Not yet, she screamed to herself as she pulled ahead. Not yet, not yet, not yet!
Water seeped through her nose and into her lungs.
Still, eyes closed, she swam.
Finally, with her head pounding and her chest screaming for air, she kicked to the surface.
The original buildings of Metropolitan Hospital of filled most of two blocks between the South End and Roxbury sections of the city. In the days before medicare and Medicaid, it was the busiest of all the Boston hospitals, at times running as many as five hundred patients a day through its emergency room. Now, with a progressive drain to many newer facilities, its patient load had dropped off, and two of its three medical school affiliations had pulled out. Still, with its location near the poorest section of the city, there were plenty of severe trauma cases and medical crises.
With the E.R. at White Memorial inaccessible to him, Eric had chosen to use the frantic pace of Metro to provide him with a weapon he could use to break down Haven Darden. The ride there took fifteen minutes-precisely the same amount of time it took him to find a place to park. He set the material taken from Donald Devine's safe on the floor of the Celica, and entered the hospital through the main entrance.
The key to moving unnoticed about any hospital, Eric knew, was simply to look and act as if one knew precisely what one was doing. He also knew that the bigger and busier the facility, the less precise one had to be.

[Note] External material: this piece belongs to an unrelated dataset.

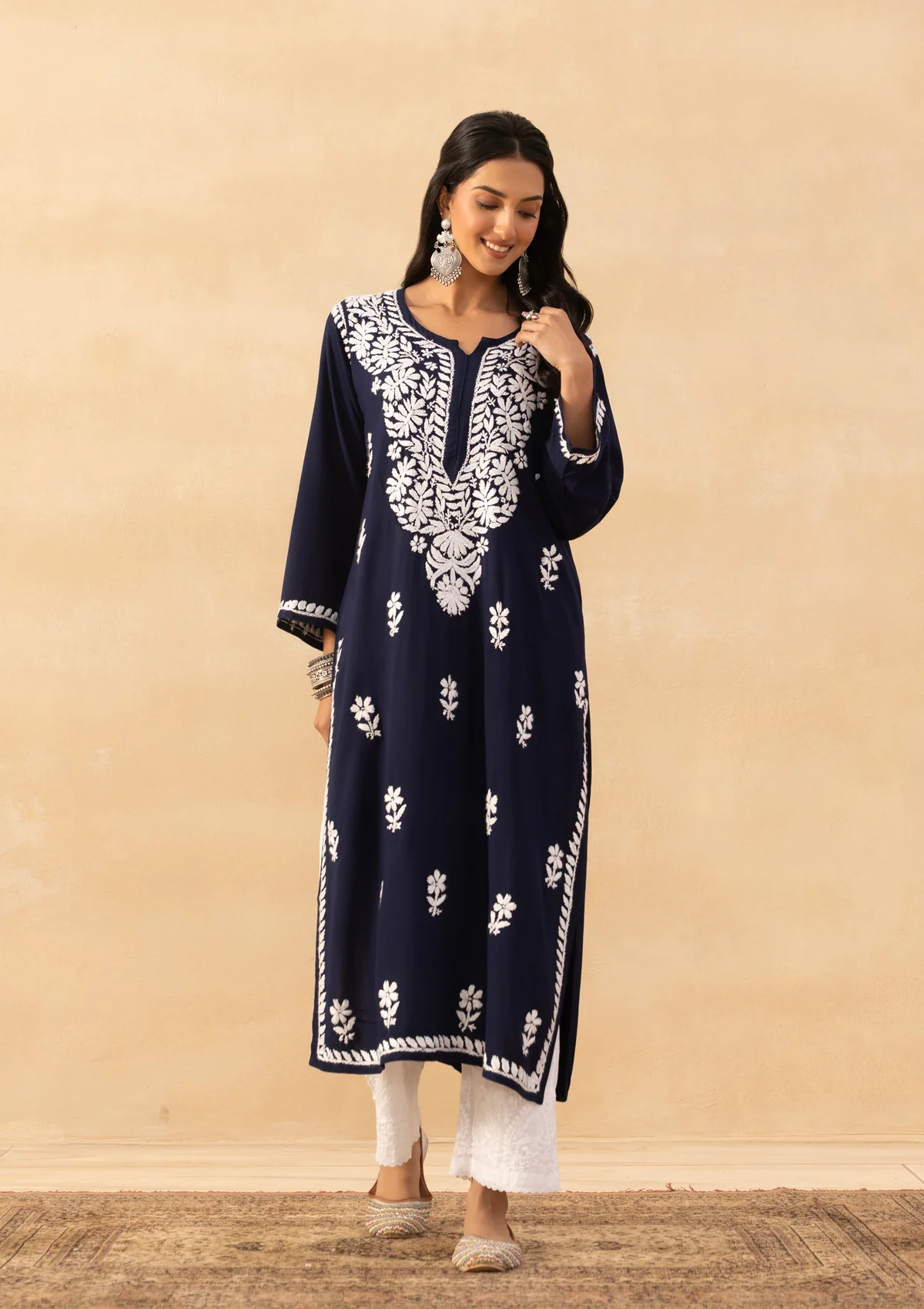 HOC Rayon Chikankari Solid Women's Long Kurta -Navy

His first stop was in the house officers'quarters, located on the fifth floor of a crumbling red brick building named for a nineteenth-century surgeon, and probably built not long after his death.
About half the doors on the floor were unlocked.
There was nothing of use in the first two rooms he checked.
Opening another door, he had actually stepped inside before realizing that a nurse and resident were on the narrow bed locked in flagrante delicto, their uniforms in a heap on the floor. The couple glimpsed him just as he was slipping back out the door, pulled a sheet over their heads, and giggled.
In the next room he tried, Eric found what he needed. He undressed there and emerged wearing someone's discarded surgical scrubs and a white clinic coat. Next, he headed to the E.R.
He crossed the waiting room and entered the treatment area. Every room, it seemed, was in action.
A nurse hurried past, taking no notice of him. A second nurse smiled at him as she entered the room of a new trauma victim.
Purposefully, he continued down the busy corridor and into the med room, which was deserted. In less than a minute he was out. His hand was buried in his clinic coat pocket, concealing a filled 10cc syringe, hooked to a 11/2-inch-long, 22gauge needle. Then, casually, he strolled from the emergency room back to the house officers' building to change.
The game was on.
The drive from Moab along unmarked dirt tracks took Bernard Nelson nearly three hours in his Land Rover.
Before college, Nelson had spent six years in the marines, most of those with a wilderness survival unit.